School holidays are a great opportunity to relax and unwind following a busy and productive school term. Some students may have assessment tasks to complete during the break, and others may use this opportunity to catch up on schoolwork or study notes. Whilst this is important, it is also beneficial to make time for rest and recreation. By ensuring students have time to engage with friends, exercise and relax they are more likely to return to school in Term 2 feeling refreshed, re-energised and ready for the tasks and experiences that await them at school over the 9-week term.
School holidays are not always an easy or relaxing time for young people, for many different reasons. During the holidays students may miss different aspects of school including seeing their friends regularly, having a consistent routine each day, having access to support from teachers, and having access to other supports such as school counselling. If you are concerned about a student’s wellbeing during the school holiday period, the following steps may be helpful:
- Check in with them.
Find a time and place free from distractions and competing priorities, without others around (in order to ensure privacy). Ask them how they are and wait for their reply, showing that you care and that you are there to listen to their response. If they have concerns/difficulties, empower them to engage in problem solving (with you if needed) rather than trying to take over the situation for them. Sometimes problem solving can involve connecting a young person to appropriate supports (see below). Check in with them regularly to see how the situation is progressing for them. Good communication between young people and their parents/caregivers is a strong protective factor against mental health issues and also promotes positive relationships.
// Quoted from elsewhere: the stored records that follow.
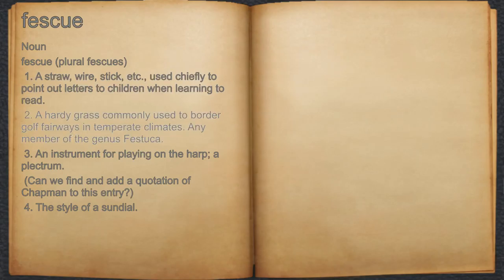2. A hardy grass commonly used to border golf fairways in temperate climates. Any member of the genus Festuca.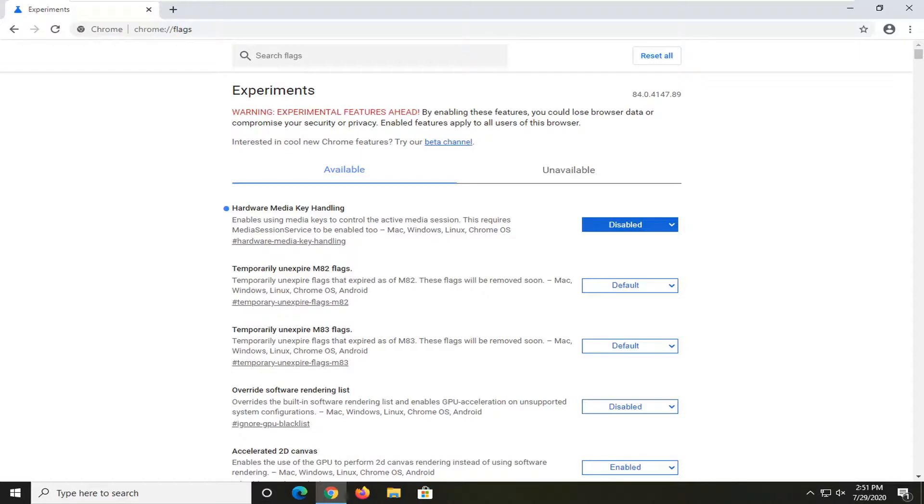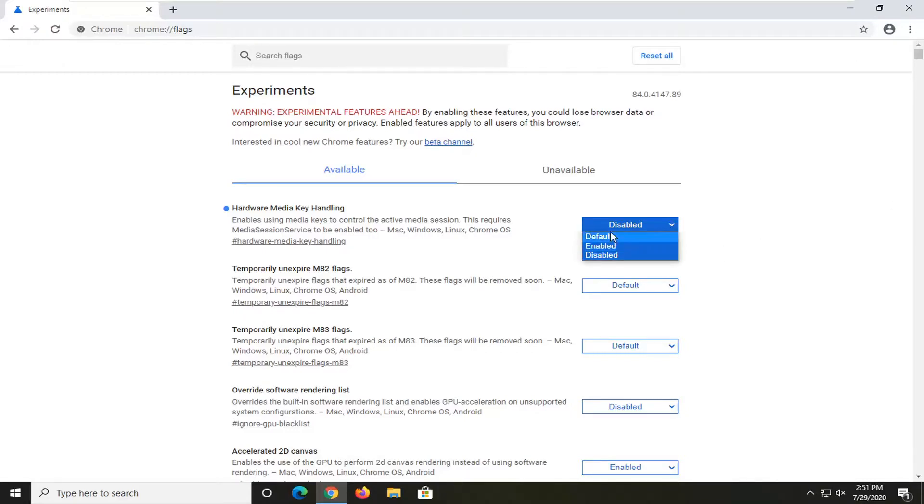So if you're using those keys when playing videos, this might affect that. But you can easily change it back by clicking inside the dropdown and selecting default or enabled, whatever you prefer. They both have the same effect.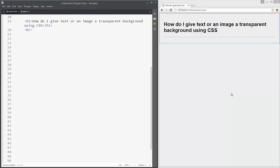Hi guys, today we will learn how to give a text or an image a transparent background using CSS. It's pretty easy, so let's do this.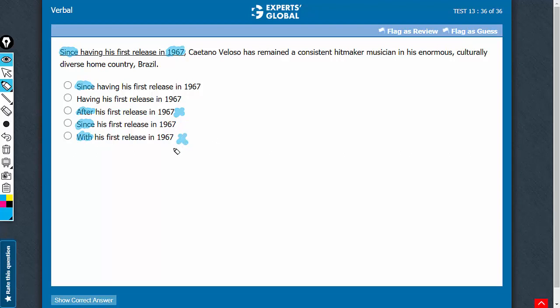With fails to capture the complete meaning. So, E can also be eliminated. Having also fails to capture the complete meaning. Therefore, answer choice B should also be eliminated.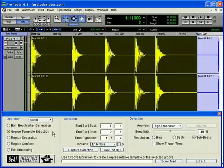Groove information can even be generated from MIDI data and is interchangeable with groove information generated from audio data, letting you apply MIDI-generated grooves to audio material and vice versa.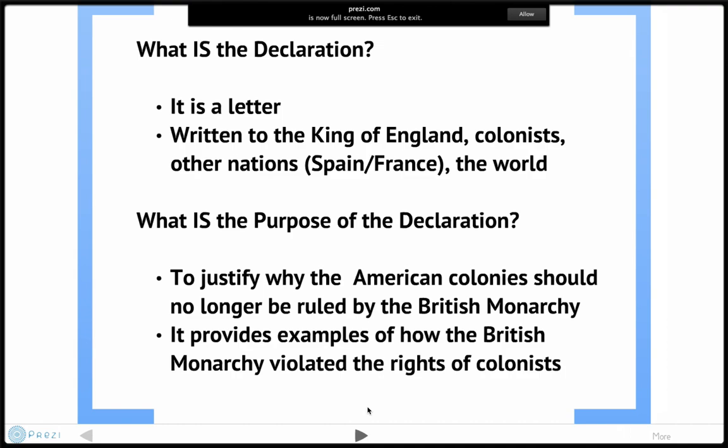What is the purpose of the Declaration? To justify why we should no longer be ruled by the British monarchy. It provides many examples of how the British monarchy violated the rights of colonists, according to John Locke's philosophies and beliefs.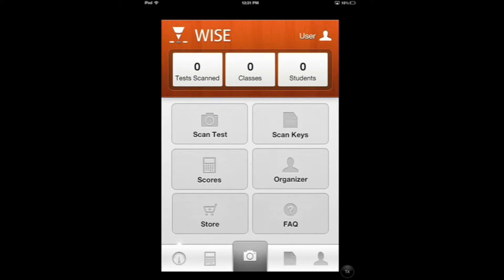This is a YZAP tutorial video. I'm walking you through the demo that we have set up so that you can see how to enter in students and classes and courses and scan a couple tests.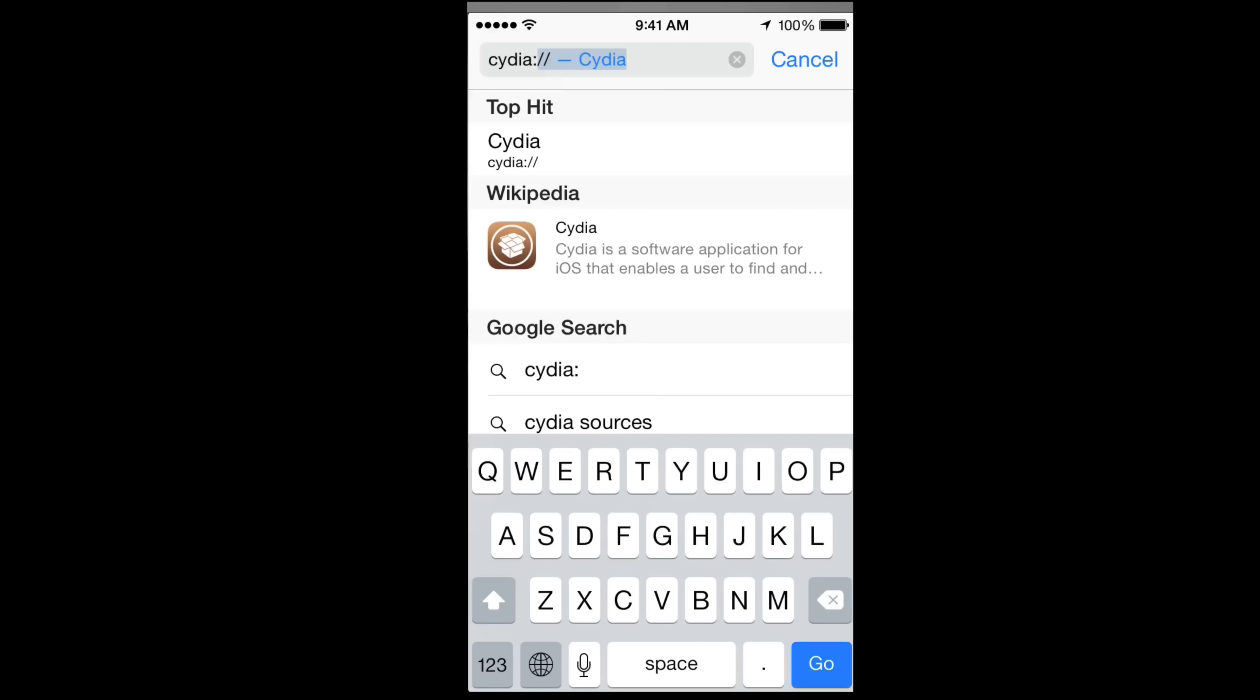Just because you don't see it on your phone doesn't mean that it's not there. You did the jailbreak, it's there. So as long as you type this in, it's gonna take you exactly to Cydia and open that up for you.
- Suggest online resources.
Websites such as Beyond Blue, eHeadspace and Reachout.com offer a multitude of information, handouts and resources for young people (and parents/carers) about a range of topics including mental health issues, stress and anxiety, relationship issues and study/exam tips. Some of these organisations also offer telephone or online counselling services. A list of such organisations can be found in the ERC student diary on page 46.
- Consider accessing professional support.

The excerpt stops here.